Quantiacs Community

stefanm

@magenta-kabuto Hi, maybe this can help with your strategy also:
In your function regime_trade() before returning signals_df, convert it to pandas.Series structure, and name it to corresponding asset (e.g. "NAS: AAPL").

series = signals_df.squeeze().rename(asset_name)
return series

After putting it to trades = dict(), you can concatenate trades.values(), which will create pandas.DataFrame of signals by assets:

pd_signals = pd.concat(trades.values(), axis=1)

Then, convert it to xarray.DataArray and pass it as weights to backtester.

import xarray as xr

xr_signals = xr.DataArray(pd_signals, dims=('time', 'asset'))

stefanm

@magenta-kabuto Hi, yes that's right, it seems that xarray DataArray is passed to function which expects pandas DataFrame (your entire algorithm is not visible, which is ok, so this is an assumption), but maybe you can try with this:

### use your regime_trade(Stockdata, param_2=0.15) as helper function


def strategy(data):
# param data: the data returned from load_data function, xarray.DataArray structure. 
    Stockdata = ... # prepare data for regime_trade input, like you did for single pass
    trades = {}
    for j in logopenmod.keys():
        trades[j] = regime_trade(Stockdata[j].iloc[:,3], 0.15)
    pd_signals = pd.concat(trades.values(), axis=1)
    xr_signals = xr.DataArray(pd_signals, dims=('time', 'asset'))
    is_liquid = data.sel(field="is_liquid") # assume that "stocks" is exactly the same as data is
    return xr_signals * is_liquid

Try it with Multi-pass, and change the name in competition_type. Set the start date as below:

weights = qnbk.backtest(
  competition_type = "stocks_nasdaq100",
  load_data = load_data, # if omitted it loads data by competition_type
  lookback_period = 365,
  start_date = "2006-01-01", # set start_date 
  strategy = strategy,
  analyze = True,
)

Regards

stefanm

@magenta-kabuto No problem, you're welcome. Can you please change the start_date to '2006-01-01' when running backtester, and let us know if it worked?

stefanm

@darwinps Hi,
There are two key elements missing in the single pass approach that lead to the discrepancy:

Insufficient Data Loaded
Most strategies require an initialization period to set everything up, like calculation of technical indicators used in strategy. In this case, it’s one day, and to produce weights for a specific date, you need the previous day’s close and open prices. For example, to get accurate weights for '2006-01-03,' you’ll need the prices from the previous trading day, '2005-12-30.'

For calculating statistics, a key factor is Relative Returns, which cannot be computed without considering slippage. Slippage is approximated as 14-day Average True Range (ATR(14)) multiplied by 0.04 (4% of ATR(14) for futures) or 0.05 (for stocks). Therefore, to get accurate stats from '2006-01-01,' you need data loaded at least 14 prior trading days. This is handled in backtester with lookback_period (365 days in this case), which means that data will be loaded from 365 days before start_date.
Manually Filtering Data to a Single Asset
When using the backtester, the strategy’s output is aligned with all assets in the dataset. Although this doesn’t affect the weights—assets not included in the strategy will simply have their weights set to zero—there may be days in the full dataset that don’t appear in the filtered data. To ensure proper alignment in single pass mode, the clean() and align() functions from qnt.output should be run manually.

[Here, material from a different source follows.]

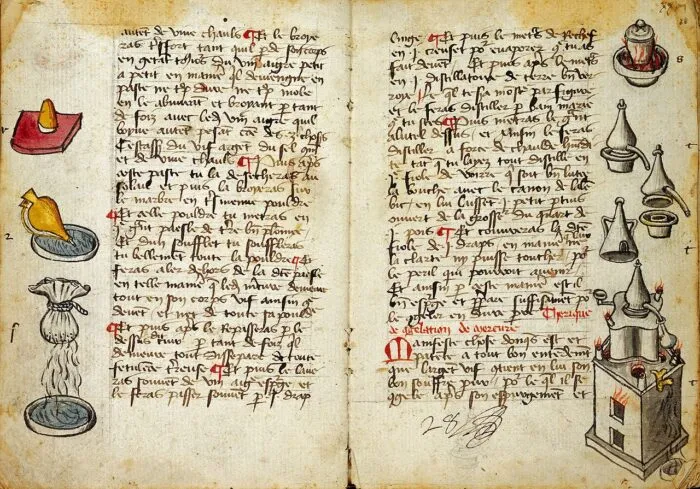 Einblick in ein Rezeptbuch aus der Alchemie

The code below should produce identical results:

# 365 days lookback period + 60 additional days as minimum tail for loading data for allignment hardcoded in the backtester, therefore min_date='2004-11-05'
data = qndata.futures_load_data(min_date='2004-11-05', max_date='2007-01-01') 
f_es_data = qndata.futures_load_data(min_date='2005-12-01', max_date='2007-01-01', assets= ['F_ES']) # enough for stats and weights, one month before
### OR ###
# f_es_data = data.sel(asset=['F_ES'])

weights = strategy(f_es_data)
weights = qnout.clean(weights, data, 'futures') # in the backtester, clean() uses the same data as strategy() (f_es_data)
weights = qnout.align(weights, data, start='2006-01-01') # assign weights from 2006-01-01

stats = qnst.calc_stat(data, weights)
display(stats.sel(time=slice("2006-01-01", None)).to_pandas().head(15)) # show stats from 2006-01-01

In general, it's acceptable to generate some signals based on specific assets, but manually selecting assets for weight allocation is not allowed. Weight allocation should be dynamic across the entire dataset. Therefore, it’s recommended to load the entire dataset for the corresponding competition, which the strategy function will use as "data" parameter.

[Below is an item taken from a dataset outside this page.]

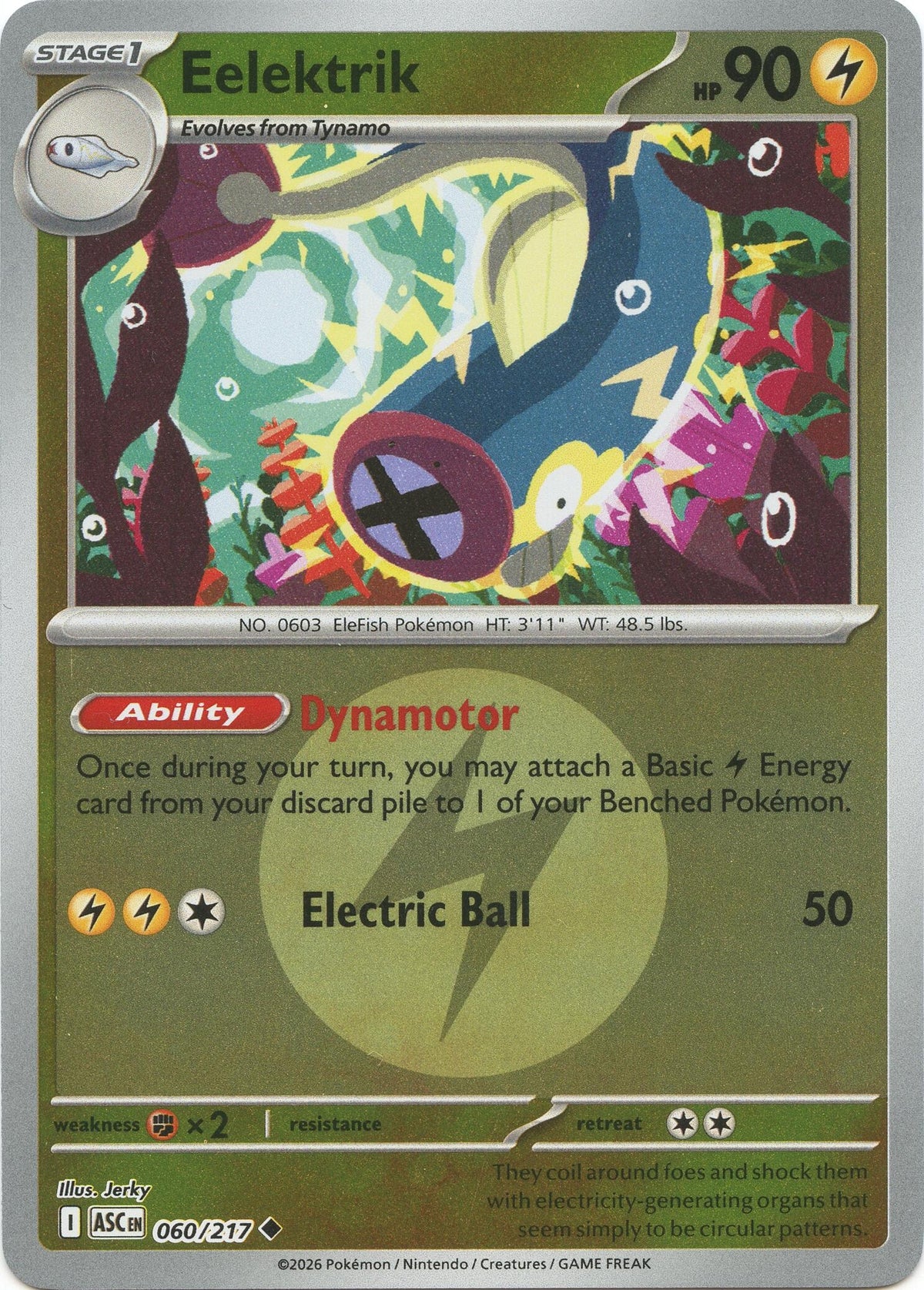 Image for Eelektrik (Energy Symbol Pattern) (060/217) (ME: Ascended Heroes) (ASC) - Pokemon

The following example uses the same strategy foundation and outputs as the initial one but applied to the full dataset. This resulted in identical statistics for both single and multi-pass approaches (though it’s still not compliant with the rules due to the hand-picked asset).

def load_data(period):
    return qndata.futures_load_data(tail=period)

def strategy(data):
    _data = data.sel(asset=['F_ES'])
    close = _data.sel(field='close')
    close_one_day_ago = qnta.shift(close, periods=1)
    _open = _data.sel(field='open')
    open_one_day_ago = qnta.shift(_open, periods=1)
    weights = xr.where(open_one_day_ago < close_one_day_ago, 1, 0)
    return weights

weights_multi = qnbt.backtest(
    competition_type= 'futures',
    load_data= load_data,
    lookback_period= 365,
    start_date= '2006-01-01',
    end_date= '2007-01-01',
    strategy= strategy,
)


### For single pass
data = qndata.futures_load_data(min_date='2004-11-05', max_date='2007-01-01')
weights_single = strategy(data).sel(time=slice('2006-01-01', None))
weights_single = qnout.clean(weights_single, data, 'futures')

stats = qnst.calc_stat(data, weights_single)
display(stats.sel(time=slice("2006-01-01", None)).to_pandas().head(15))

The greatest advantage of the single pass is its execution speed, which is especially important during the optimization process. However, it requires more attention to ensure that all aspects are handled properly. For instance, it’s quite easy to incorporate forward-looking information in a single pass, which is precisely what the multi-pass approach aims to prevent.

Try to use the opposite shift direction in the strategy for main variables which produce signals:

close_one_day_ago = qnta.shift(close, periods=-1)

open_one_day_ago = qnta.shift(_open, periods=-1)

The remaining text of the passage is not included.